This problem was originally seen in a manga chapter. I will describe the canon (form it appeared in the manga (with a few adjustments)) form, and a general form of the problem. I couldn’t solve the problem in the little time I spent to think of it (before continuing with the manga), so it flagged my attention as “interesting”.
Canon Form
There are five players, $(a_1, a_2, …, a_5)$.
Every round, each of these players is given an initial fund of 5 coins.
There are 5 rounds in the game.
On each round, each player has two choices: to make a secret deposit in the tax fund, or in their personal account. The players have to deposit (in secrecy) all their coins on hand in at least one of the two accounts (they can deposit in both accounts). The players cannot show “hard” evidence of their deposits (no receipt, pictures, etc).

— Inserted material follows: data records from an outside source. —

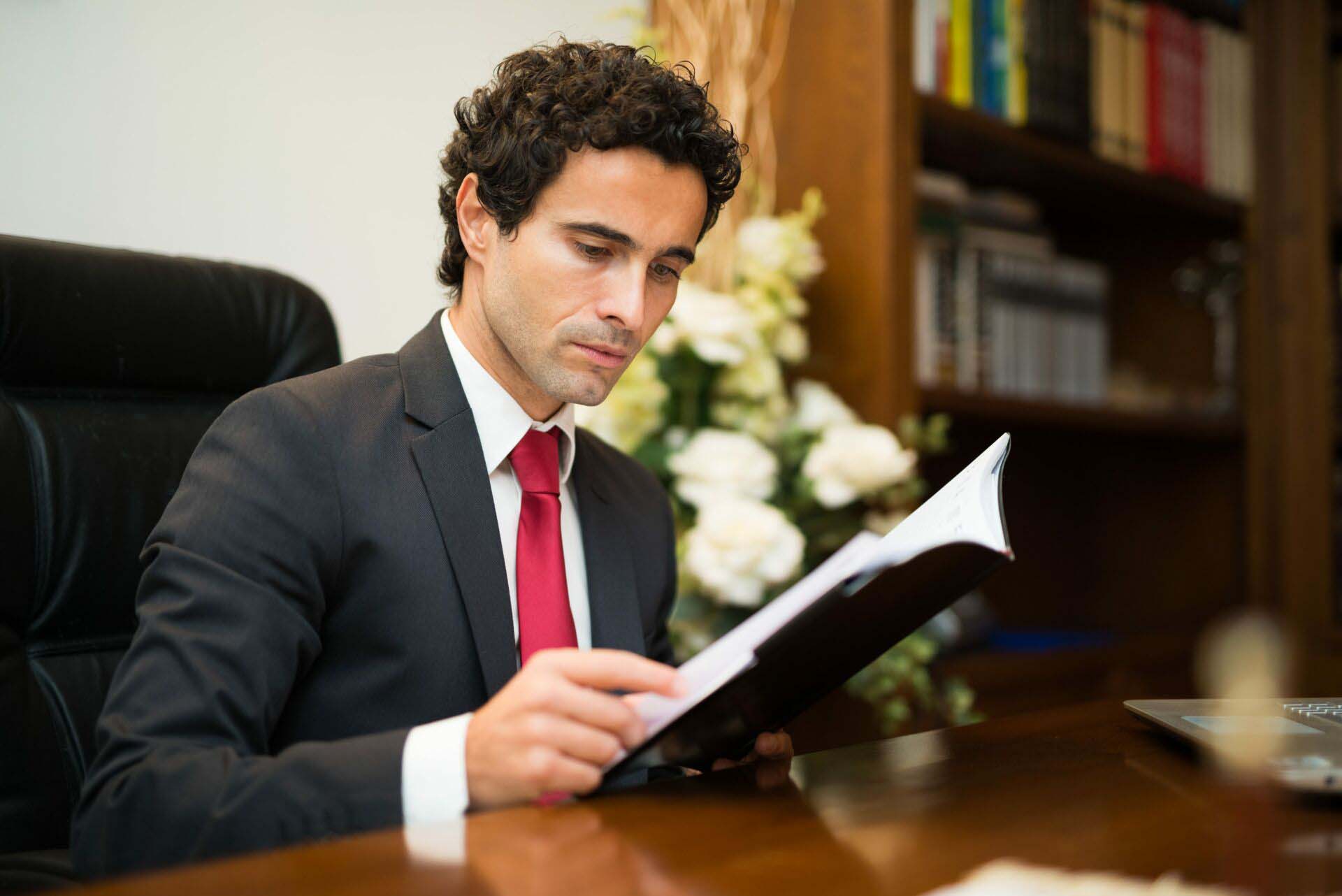 Businessman reading his agenda Insurance for Funeral Directors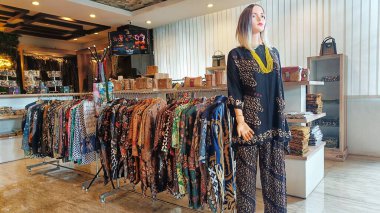Various batik clothes on hangers in the Indonesian traditional cloth market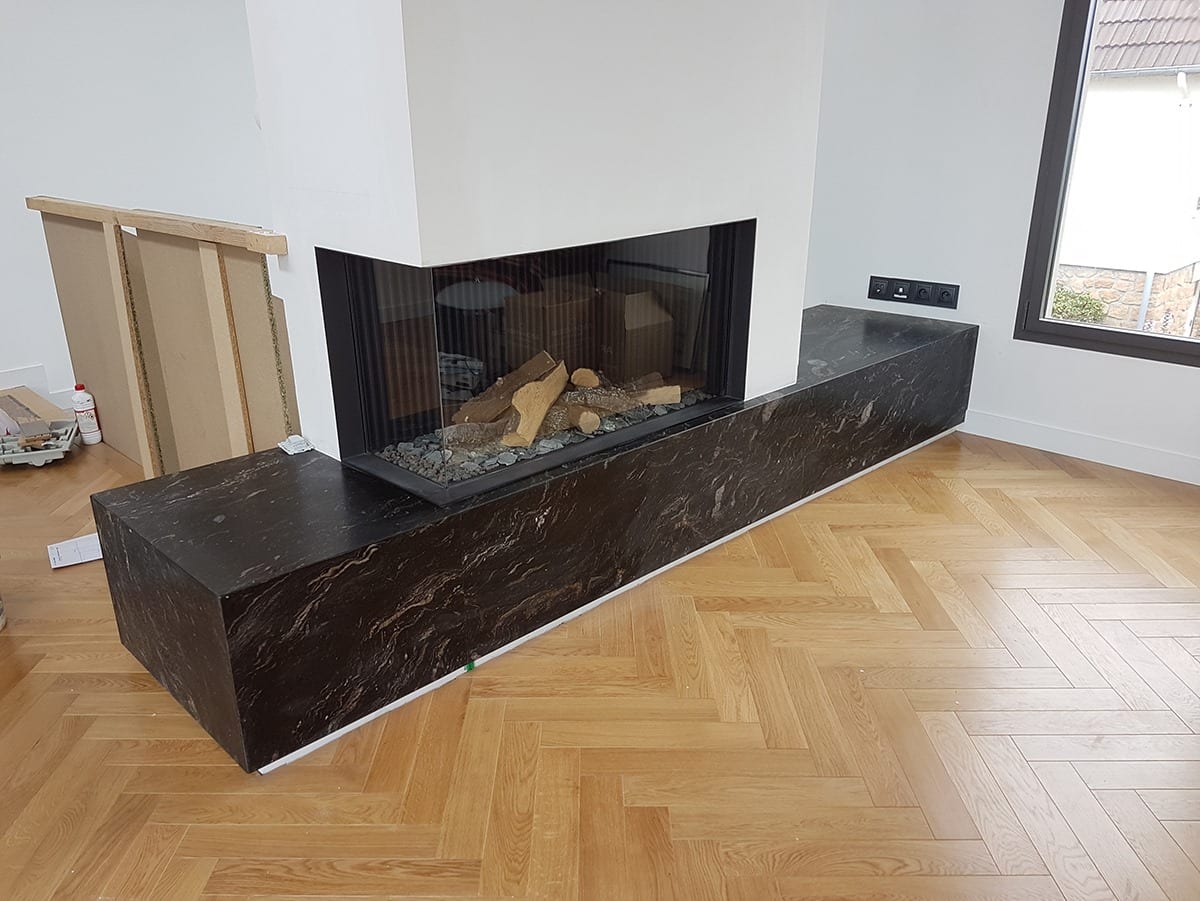 Habillage cheminée en marbre noir et parquet chevrons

Money deposited in a player’s personal account becomes the player’s fund for the next round.
Money deposited in the tax fund is multiplied by two and shared equally among all five players (including players who deposited nothing, hence the name).
The deposits are made sequentially, with the order randomly determined each round.
Players do not know how much is inside the tax fund when they make their deposit.
The coins are worthless outside the game.
After the five rounds, all players that accumulated at least 40 coins would receive rewards as such:
1st: $100,000,000
2nd: $30,000,000
3rd: $3,000,000
4th/5th: $0
The utility of money grows linearly for the players.
The total amount of money is $133,000,000. If multiple people get a position, the money assigned to that position is split equally among the people.
All players who amassed below the required forty coins incur a debt of $100,000,000.
I use “rational” in a very specific sense, so saying all players are “perfectly rational” makes the problem useless. Nevertheless, in canon the participants of this game were all extraordinarily competent, and it was common knowledge * that they were all extraordinarily competent. To use jargon that I personally adopt:
The participants are “sensible” (they act solely to maximise their utility).
It is unknown whether the participants are “reasonable” (their decision algorithm satisfies some apriori reasonableness standard of decision making).
The participants know (solely by reputation) they are all of (exceedingly) above average “competence” (they win).
---
General Form
There are m (m >= 5 and m is odd) players, $(a_1, a_2, …, a_5)$.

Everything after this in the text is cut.